You’re beautiful to me, little one.
My plans for this fall’s trip to Wyoming were literally made at the last minute. I had planned to take the week off but wasn’t sure where I wanted to go. It had been a while since I had been to Yellowstone & the Tetons and I was itching to get back, but I was also worn out and not sure I was up to the drive. Then I checked the weather and it was supposed to be unusually sunny and hot, which if you’ve followed along here you know is not my favorite photography weather.
I decided to sleep on it and in the morning made my reservations for Wyoming, starting off in the Tetons and finishing up in Yellowstone, then headed out the door. And it was unusually sunny and hot during the day, despite being cold at night, so I had to deal with 40 or 50 degree temperature changes from when I started hiking in the morning to the heat of the day. While the sunny skies did provide good viewing of the Teton range at sunrise, the park staff had been doing controlled burns and a smoky haze hung around in the valley — not thick enough to be interesting, but enough to ruin the clarity of the pictures. The fall colors seemed to be late in arriving and while some of the aspens had turned, many were still green. And my chronic stomach problems flared up several times on the trip, though fortunately never on the trails despite one close call.
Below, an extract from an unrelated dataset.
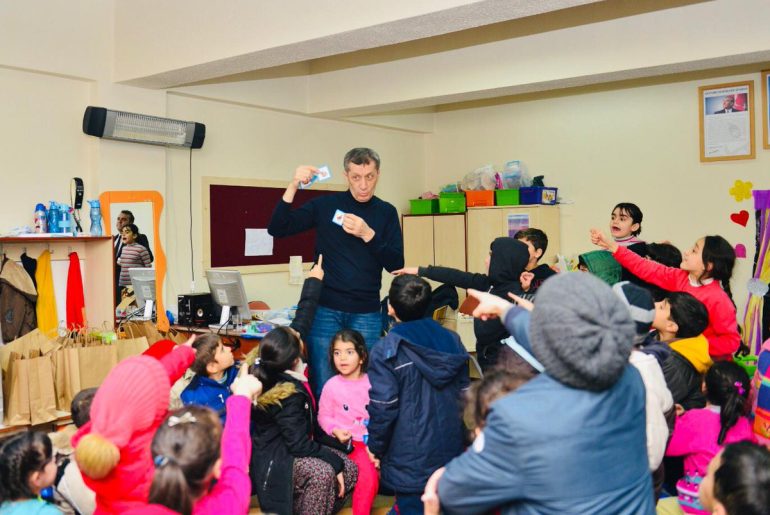 Bakan Selçuk'un korumasının montajla çıkarıldığı öne sürülen fotoğraf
But the worst of it was, I wasn’t seeing much wildlife, and so while I was grateful for the chance to visit this wonderful part of the world, the trip wasn’t ranking very highly compared to some of my other visits. But then on my last night in the Tetons I discovered this male pronghorn in the evening light and things started looking up. The next morning I found the bison herd and my mood got even better.
Yellowstone was hit or miss the first few days too, but the last day turned out to be one of my favorite days in the park, ever.
A long way of saying, I’m glad I went.
One of my favorite bison pictures from my Wyoming trip, a bit of a whimsical portrait. Even though bison are one of the more dangerous animals in the park, as long as you give them their space they are mostly just dangerous to the grasses of the meadows.